A reader in the Lake Martin dot com forum posed this question:
Is there a shoreline zone owned by Alabama Power from the 491 level of Lake Martin to the start of private ownership? This is the case with some reservoirs. If so, what is the distance?
There were some good answers in the thread, and I thought I would throw in a word or two here. A copy of my answer is below, I thought Lake Martin Voice blog readers might be interested:
Watch your real estate definitions.
Easement – a granted right of one party to another, different from ownership. Like if you owned a 100 acre plot of land that has a power line going through it, you own the dirt, but the power company has been granted an easement to put a power line across it. A Lake Martin example would be where Alabama Power owns the dirt of the floor of the lake, but they give you an easement to build a dock over it, subject to their restrictions.
Setback – a rule that says even though you own the dirt, you can’t build / alter it in a specified zone. The 30 foot rule on most of Lake Martin’s shoreline is a setback. Alabama Power (in a deeded lot, more than likely) doesn’t own the dirt, they just tell you (via deed restrictions) that you can’t build NEW CONSTRUCTION in this zone. Same deal with lot lines with your neighbor, perhaps enforced by the county or your subdivision. Again, you own the dirt, but are deed restricted (via the deed, set forth in conditions that you agreed to when you bought it) by this.
Shoreline – just because the water on Lake Martin is there doesn’t mean you necessarily own up to it. I have seen all sorts of things here. Sometimes you are in a subdivision that describes the lot as “lot x in the recorded plat of Y neighborhood” which means you then go to the plat at the courthouse (Tallapoosa, Elmore, or Coosa) to figure it out. Also I have seen “metes and bounds” descriptions where someone has gotten a surveyor to plot the shoreline, foot by foot, turn by turn. Also I have seen really old ones that just describe the shoreline side of the lot in such juicily ambiguous terms as the “shore of Lake Martin.”

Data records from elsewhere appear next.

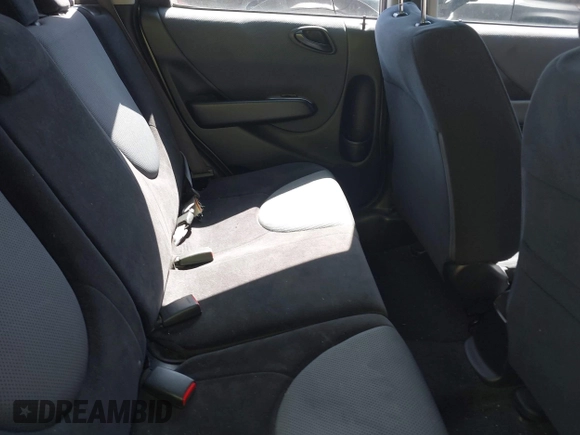 2007 Honda Fit с VIN JHMGD38497S014441, выставлен на аукционе IAAI как лот 41987759 с пробегом 110 070 миль миль и . История ставок и продаж доступна на DreamBid. Изображение 8.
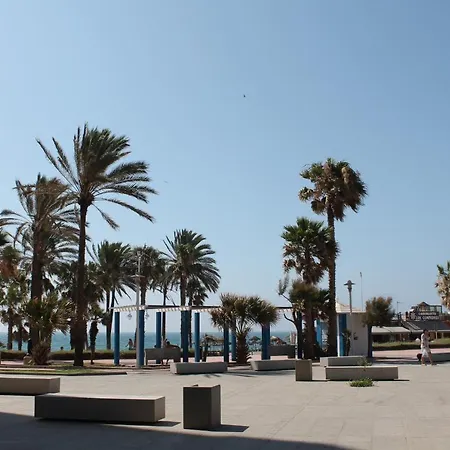 Frente Al Mar Apartment Malaga Exterior photo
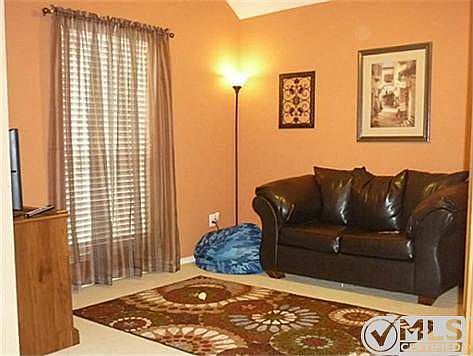 3rd image of 2719 Sweetbriar Ln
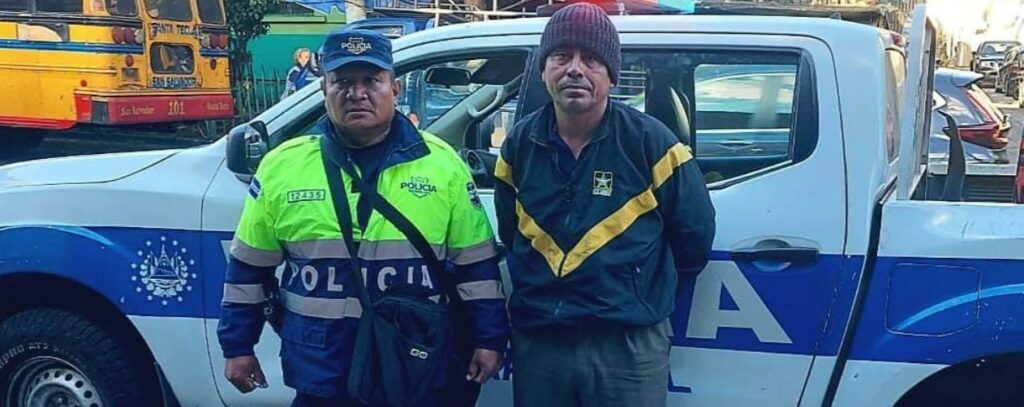 Busero detenido tras arrollar y matar a hombre en San Salvador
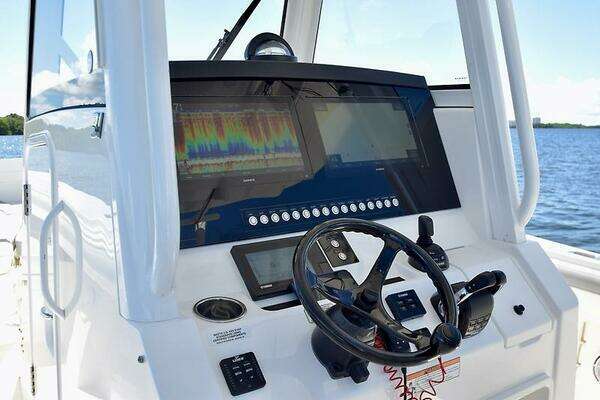 Regulator 31FS Yacht For Sale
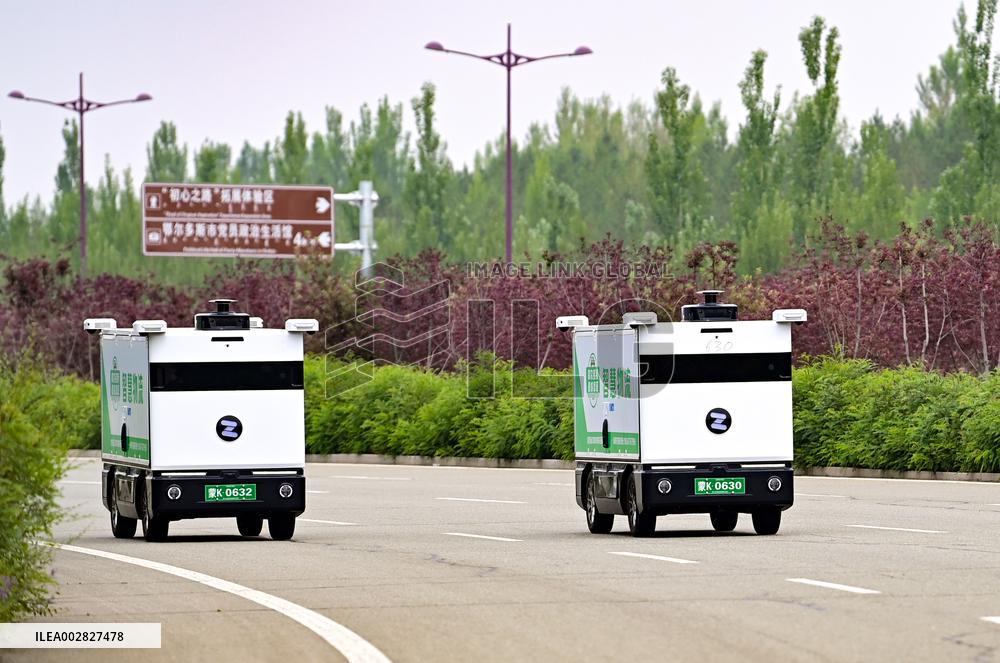 Driverless Delivery Vehicles Put Into Operation in Ordos
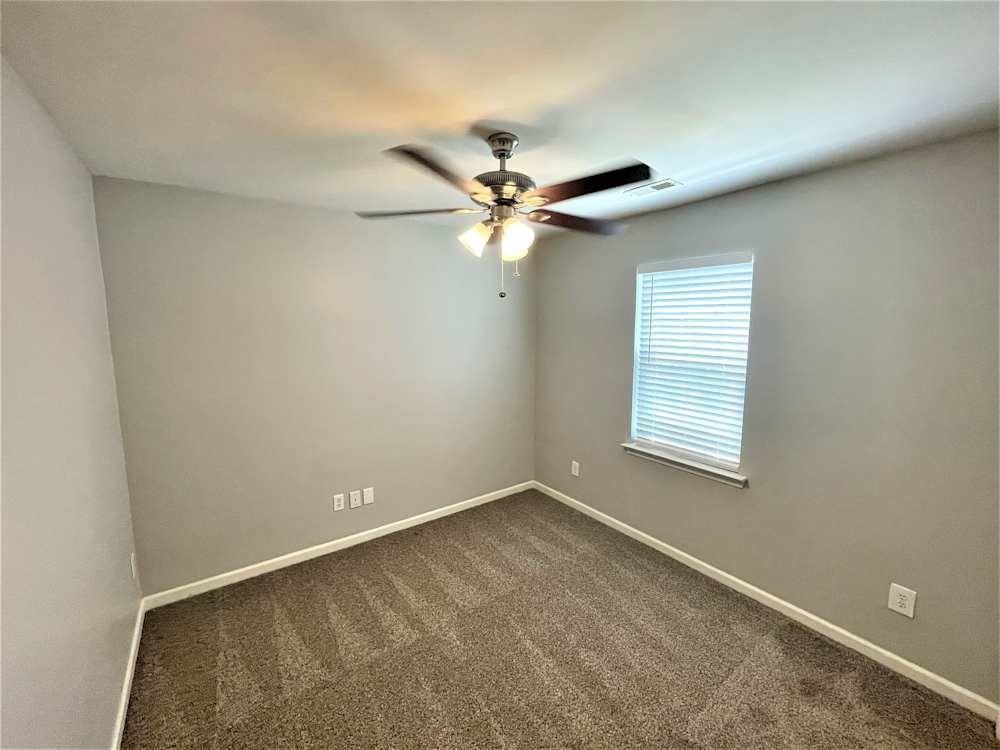 261 Brooktree Dr - Photo 5 of 6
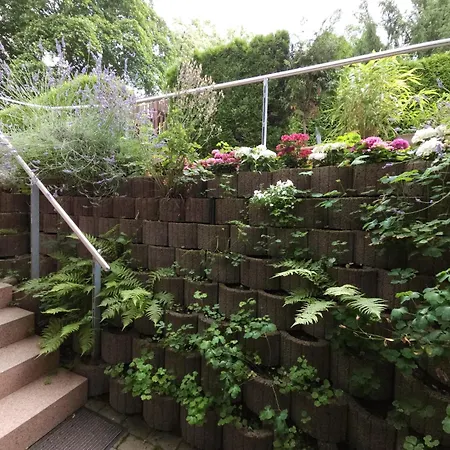Apartman Monarchenhuegel In Seenaehe, Garten, Terrasse, Carport, Wallbox, Ebike Laden Lipcse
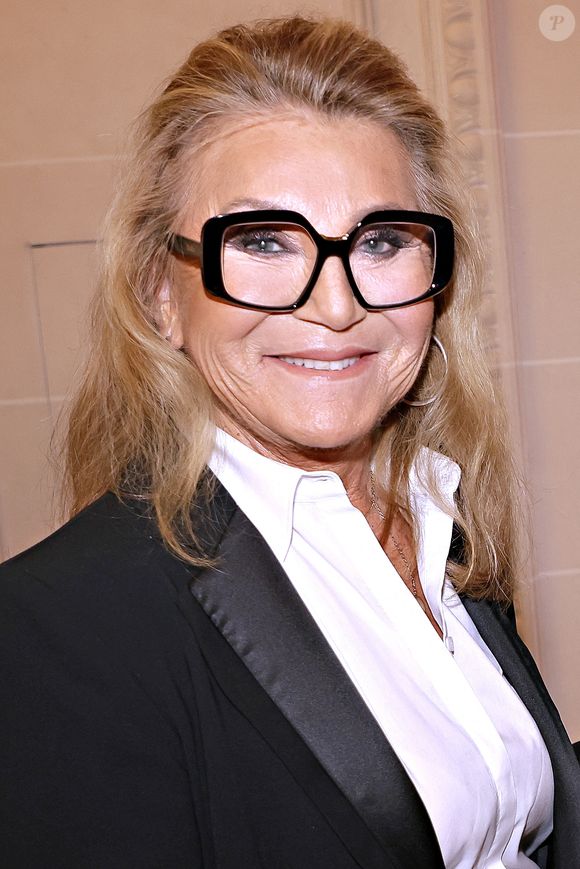 Sheila - Soirée de gala pour la Fondation de la Recherche en Physiologie, "Les Stéthos d'Or" au Four Seasons Hôtel George V à Paris le 24 mars 2025. © Cédric Perrin/Bestimage
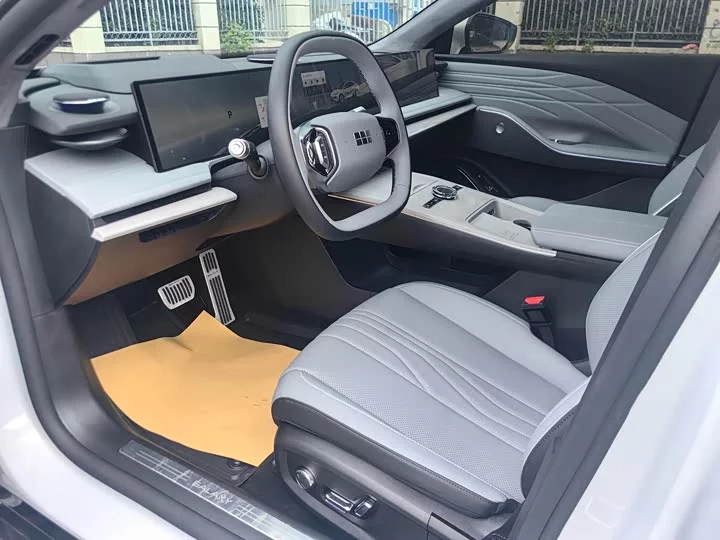 Geely Galaxy E8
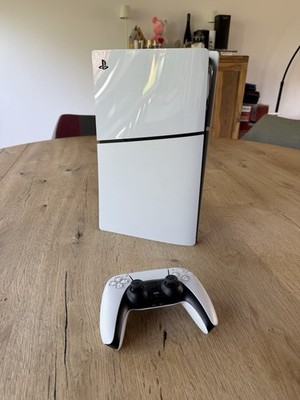 Sony PS5 Slim Digital Edition 1TB+ Controller voll funktionsfähig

The key here is that every lot on Lake Martin COULD be different. I have also seen lots that are so old or oddly recorded that the above easement and setback rules don’t apply.
Bottom line – ALWAYS get a professional (lawyer or closing agent) to do a very thorough deed / title search to know EXACTLY what you are getting when you buy. Get a survey, too. Before you build or alter anything, this will give you a good understanding of what the deal is. On Lake Martin the dirt is the most expensive thing, usually, so it pays to be sure about the dirt and the associated easements, setbacks, and other restrictions.